Tuesday, December 28, 2010

Creating Traditions

One tradition we hope to continue...lots of game playing.

This February will mark the seven year anniversary of my relationship with Curtis. While we’ve only been married for three and a half of those years, in that time we have discovered many areas of life where we expect different things. He likes to squeeze the toothpaste in the middle of the tube; I like to roll from the bottom. He likes to make piles on the floor of things to put away; I don’t like to delay the return of items to their designated place. He likes to eat dessert right after dinner; I like to allow the meal to settle awhile before digging into the next dish.

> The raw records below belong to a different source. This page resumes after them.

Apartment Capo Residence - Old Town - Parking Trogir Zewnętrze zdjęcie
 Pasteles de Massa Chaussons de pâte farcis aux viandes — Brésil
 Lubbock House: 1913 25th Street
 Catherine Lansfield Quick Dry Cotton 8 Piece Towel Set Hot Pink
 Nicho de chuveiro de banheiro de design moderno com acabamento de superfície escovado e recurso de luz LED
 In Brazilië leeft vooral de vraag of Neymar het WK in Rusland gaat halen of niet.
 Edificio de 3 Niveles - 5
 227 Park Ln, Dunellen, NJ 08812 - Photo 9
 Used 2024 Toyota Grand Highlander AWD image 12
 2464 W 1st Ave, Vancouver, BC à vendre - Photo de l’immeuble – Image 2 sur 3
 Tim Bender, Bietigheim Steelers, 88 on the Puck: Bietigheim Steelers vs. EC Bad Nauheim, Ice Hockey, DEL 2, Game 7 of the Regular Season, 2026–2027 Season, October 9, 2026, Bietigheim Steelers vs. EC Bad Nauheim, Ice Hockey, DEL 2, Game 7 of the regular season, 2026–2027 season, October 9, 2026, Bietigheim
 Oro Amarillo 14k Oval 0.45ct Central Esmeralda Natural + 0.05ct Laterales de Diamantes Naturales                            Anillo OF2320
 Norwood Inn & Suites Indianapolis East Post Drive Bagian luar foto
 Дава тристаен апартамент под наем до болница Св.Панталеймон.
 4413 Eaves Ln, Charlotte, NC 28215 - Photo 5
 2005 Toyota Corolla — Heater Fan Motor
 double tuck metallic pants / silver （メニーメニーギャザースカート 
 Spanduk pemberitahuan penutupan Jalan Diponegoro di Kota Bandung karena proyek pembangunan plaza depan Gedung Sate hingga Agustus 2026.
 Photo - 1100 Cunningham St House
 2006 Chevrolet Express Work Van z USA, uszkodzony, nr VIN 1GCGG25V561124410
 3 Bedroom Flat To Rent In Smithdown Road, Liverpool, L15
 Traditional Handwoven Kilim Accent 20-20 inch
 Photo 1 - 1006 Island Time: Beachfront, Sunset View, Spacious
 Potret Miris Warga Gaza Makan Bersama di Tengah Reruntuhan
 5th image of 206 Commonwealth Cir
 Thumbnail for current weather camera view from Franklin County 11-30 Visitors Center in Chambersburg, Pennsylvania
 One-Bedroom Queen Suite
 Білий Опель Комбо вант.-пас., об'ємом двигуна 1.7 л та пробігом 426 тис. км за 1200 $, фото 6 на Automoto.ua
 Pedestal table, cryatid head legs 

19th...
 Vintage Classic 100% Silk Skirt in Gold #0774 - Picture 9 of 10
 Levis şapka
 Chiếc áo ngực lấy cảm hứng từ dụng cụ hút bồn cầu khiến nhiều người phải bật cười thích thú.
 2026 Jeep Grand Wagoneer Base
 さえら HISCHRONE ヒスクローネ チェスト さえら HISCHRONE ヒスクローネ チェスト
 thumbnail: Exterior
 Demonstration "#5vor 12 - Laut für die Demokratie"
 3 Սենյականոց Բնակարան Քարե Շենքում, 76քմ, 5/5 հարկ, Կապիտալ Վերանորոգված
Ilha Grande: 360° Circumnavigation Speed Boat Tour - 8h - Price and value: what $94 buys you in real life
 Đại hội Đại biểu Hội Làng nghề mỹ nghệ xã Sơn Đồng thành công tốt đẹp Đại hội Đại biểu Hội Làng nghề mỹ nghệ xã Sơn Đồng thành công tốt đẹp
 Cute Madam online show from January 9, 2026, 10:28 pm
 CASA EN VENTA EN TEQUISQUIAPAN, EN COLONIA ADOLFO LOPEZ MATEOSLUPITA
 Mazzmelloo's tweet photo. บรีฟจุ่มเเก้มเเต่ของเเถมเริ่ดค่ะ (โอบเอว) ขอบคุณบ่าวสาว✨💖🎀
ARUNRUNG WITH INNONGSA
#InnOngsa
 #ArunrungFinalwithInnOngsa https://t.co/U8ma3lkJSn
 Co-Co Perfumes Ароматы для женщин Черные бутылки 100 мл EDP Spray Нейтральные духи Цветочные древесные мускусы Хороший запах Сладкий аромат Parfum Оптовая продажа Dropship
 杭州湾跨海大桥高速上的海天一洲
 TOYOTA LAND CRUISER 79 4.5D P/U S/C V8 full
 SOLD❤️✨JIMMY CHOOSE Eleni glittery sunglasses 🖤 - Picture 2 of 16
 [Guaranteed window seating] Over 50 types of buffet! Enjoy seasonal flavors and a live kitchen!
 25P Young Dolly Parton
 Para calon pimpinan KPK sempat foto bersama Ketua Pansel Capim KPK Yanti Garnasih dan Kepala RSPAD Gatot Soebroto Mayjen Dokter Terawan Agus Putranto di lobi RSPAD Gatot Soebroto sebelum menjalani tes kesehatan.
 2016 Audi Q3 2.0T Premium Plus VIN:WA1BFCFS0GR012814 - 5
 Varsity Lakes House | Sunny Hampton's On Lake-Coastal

Whatever the detail, we come from different families with different customs and expectations. I would suggest that this is at no time more evident than at holidays.

The first Christmas Curtis spent with my family, he was fairly appalled (though in his good wisdom, he didn’t share this with me until later). My family is one that values efficiency. As a result, we do not subscribe to the “everyone open one gift at a time” practice that some carry. We open multiple gifts at a time, somewhat at the discretion of the recipient, always with a nod from the giver that it is a good time for the gift to be opened.

Typically, we put the breakfast casserole (the beloved “Company French Toast”) in the oven at the beginning of the endeavor, read the Christmas story, and then proceed with unwrapping—always finishing in time to eat breakfast while it is still hot. Gifts are later examined for further appreciation, tried on for fit, and equipped with important pieces such as AA batteries.

Then you have Curtis’s family.

One of my favorite things about visiting Curtis’s family is the slow pace that they carry. Living in a small time on an island leaves little reason to rush, after all. Even though visits there carry late nights of playing dominos or any number of card games, I always return to my everyday life feeling refreshed and relaxed.

You can probably guess how they open gifts.

I must admit, after a lifetime of opening gifts with a measure of efficiency, it was a nice change to linger over every package. Items would be discussed, tried on, and examined or assembled before the next person opened a gift. We even took a break in the middle to make and consume eggnog. It was very different from my typical Christmas experience, but it fit. If his family opened gifts like mine, it wouldn’t feel right at all.

How will we open gifts if we have a family some day? I’m really not sure. We haven’t really had a reason to create our own holiday traditions, content to follow suit with whatever those around us choose. One thing that both of our families instilled in us, however, is an appreciation for a Christmas apart from gifts, and a contentment with people instead of things.

As long as that tradition is continued, I don’t really care if we open gifts in one mass explosion of chaos or one at a time. The gifts were never really the point.